セイムはそう言うと、鎖を短く持ち直して黒い岩の上によじ登り、そのうえで再び鎖をもとの長さに伸ばした。


「その場所だけなんです。振り子が揺れるのは」


「お宝かな!?」「掘ってみよ!」


「はい」


4人は、それぞれの手に爪を立てないように気を付けながら。最も反応の強かった地面を掘った。


たとえ当初の目的と違っていたとしても、肩が触れる程の距離で一生懸命共同作業に励むのは中々に楽しい。

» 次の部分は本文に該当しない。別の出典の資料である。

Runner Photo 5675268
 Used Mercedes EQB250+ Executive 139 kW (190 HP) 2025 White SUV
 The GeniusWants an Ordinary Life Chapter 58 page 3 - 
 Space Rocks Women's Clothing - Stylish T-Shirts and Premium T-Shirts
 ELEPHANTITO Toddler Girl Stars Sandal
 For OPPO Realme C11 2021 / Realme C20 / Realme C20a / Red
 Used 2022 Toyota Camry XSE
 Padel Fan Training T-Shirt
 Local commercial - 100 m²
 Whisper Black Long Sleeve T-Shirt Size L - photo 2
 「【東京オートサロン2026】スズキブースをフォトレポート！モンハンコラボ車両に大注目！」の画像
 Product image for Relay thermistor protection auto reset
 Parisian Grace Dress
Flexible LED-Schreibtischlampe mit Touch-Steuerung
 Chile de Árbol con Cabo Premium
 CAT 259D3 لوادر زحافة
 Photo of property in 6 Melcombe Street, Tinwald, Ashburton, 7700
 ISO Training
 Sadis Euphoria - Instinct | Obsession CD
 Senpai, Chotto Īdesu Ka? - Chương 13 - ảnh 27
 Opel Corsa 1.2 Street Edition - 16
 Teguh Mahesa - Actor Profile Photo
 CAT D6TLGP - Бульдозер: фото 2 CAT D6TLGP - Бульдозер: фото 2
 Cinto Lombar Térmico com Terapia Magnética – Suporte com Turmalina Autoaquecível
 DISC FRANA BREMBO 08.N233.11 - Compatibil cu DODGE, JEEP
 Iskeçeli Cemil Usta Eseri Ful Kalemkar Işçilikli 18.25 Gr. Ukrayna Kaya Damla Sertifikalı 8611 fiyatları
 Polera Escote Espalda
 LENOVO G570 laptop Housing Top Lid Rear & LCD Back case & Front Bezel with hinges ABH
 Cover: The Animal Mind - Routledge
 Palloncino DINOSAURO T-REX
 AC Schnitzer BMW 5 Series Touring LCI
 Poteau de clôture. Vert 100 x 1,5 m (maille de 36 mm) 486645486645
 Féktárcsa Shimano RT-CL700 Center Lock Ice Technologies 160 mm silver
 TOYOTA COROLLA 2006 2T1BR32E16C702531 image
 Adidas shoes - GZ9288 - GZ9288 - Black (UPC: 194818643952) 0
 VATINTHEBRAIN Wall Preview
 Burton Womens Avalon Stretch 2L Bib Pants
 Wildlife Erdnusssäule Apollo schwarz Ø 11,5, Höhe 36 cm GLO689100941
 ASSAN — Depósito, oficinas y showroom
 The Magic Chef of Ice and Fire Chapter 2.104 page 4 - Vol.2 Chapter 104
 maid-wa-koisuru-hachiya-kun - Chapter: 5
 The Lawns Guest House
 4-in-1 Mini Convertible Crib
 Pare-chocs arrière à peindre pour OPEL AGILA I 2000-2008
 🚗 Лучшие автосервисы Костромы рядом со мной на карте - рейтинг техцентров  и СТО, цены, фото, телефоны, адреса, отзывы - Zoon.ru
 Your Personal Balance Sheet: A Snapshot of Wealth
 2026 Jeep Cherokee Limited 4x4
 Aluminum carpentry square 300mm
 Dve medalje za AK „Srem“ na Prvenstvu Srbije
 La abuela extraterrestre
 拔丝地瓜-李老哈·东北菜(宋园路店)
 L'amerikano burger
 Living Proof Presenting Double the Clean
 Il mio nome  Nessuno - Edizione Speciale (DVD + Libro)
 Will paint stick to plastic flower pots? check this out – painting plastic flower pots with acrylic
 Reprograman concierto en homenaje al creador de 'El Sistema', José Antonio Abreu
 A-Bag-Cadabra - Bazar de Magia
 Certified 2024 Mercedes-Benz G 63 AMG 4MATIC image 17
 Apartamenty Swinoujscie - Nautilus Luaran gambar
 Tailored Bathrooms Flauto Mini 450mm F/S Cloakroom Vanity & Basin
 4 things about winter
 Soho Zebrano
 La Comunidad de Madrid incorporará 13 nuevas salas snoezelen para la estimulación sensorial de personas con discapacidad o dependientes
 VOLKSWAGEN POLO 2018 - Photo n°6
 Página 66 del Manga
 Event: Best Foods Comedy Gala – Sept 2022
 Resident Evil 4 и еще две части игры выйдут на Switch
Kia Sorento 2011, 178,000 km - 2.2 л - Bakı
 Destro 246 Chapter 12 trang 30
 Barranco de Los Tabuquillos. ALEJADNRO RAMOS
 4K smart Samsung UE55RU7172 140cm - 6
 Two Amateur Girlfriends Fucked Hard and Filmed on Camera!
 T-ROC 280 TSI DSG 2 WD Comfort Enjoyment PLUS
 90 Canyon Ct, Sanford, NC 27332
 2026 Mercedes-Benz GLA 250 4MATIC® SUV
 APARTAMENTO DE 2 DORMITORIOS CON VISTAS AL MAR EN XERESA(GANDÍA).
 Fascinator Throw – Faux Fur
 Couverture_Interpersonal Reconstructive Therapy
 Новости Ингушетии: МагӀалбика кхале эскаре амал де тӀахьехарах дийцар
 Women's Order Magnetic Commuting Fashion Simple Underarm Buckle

誰一人、口には出さなかったが各々が、そんな似たような感情を抱いていた。


黒い土と茶色い土が何層かに重なる地面は、手で掘れるほど柔らかく。小石や粘土は、ほとんど含まれていなかった。


やがて、小さな積み木を縦に重ねたような四角い物が土の中から現れる。

4人は、お互いの顔を見合わせ、それから、セイムが振り子を近づけるとそれは、はっきりと円を描くように揺れた。


「発掘しちゃった・・・」


「セイム!早く早く!!」


「えっ・・・。はい」


7割ほど全貌をあらわにしたそれを、セイムが掘り出してゆっくりと大地から取り上げた。


「なんだか・・」「・・・・汚いね」


「いったい。なんなんでしょうかこれは?」


「わかりません・・・。人が作った物のようには見えますが。教会の博物館に行けば・・・もしかすれば何かわかるかもしれませんわ」


「ジゼル教会都市行った事あるの?」


「ええ、ええ!もうずっと前の事ですけどね」


「すごい、ねぇね!教会都市って道路ごと人が飛んで移動するとか、一日中昼間みたいに明るいとか、世界中の発掘品とか交易品とか特産物とか食べ物とか服が集まるってホント?!」


「道路の事は存じませんが、移動用のエレベーターやこの世界に芽吹いたありとあらゆる文化を研究し記録している機関はありましてよ?」


「すっごい!ミズキ見つけたら行ってみよっと!」


「これ。どうしたらいいでしょうか?」


セイムは、ほぼ解散してしまった3人の背中に質問を投げかけた。


3人は、発見こそが目的で品物には全く興味無しといった、生粋のリアリストのような無関心な態度になって教会都市の話に花を咲かせた。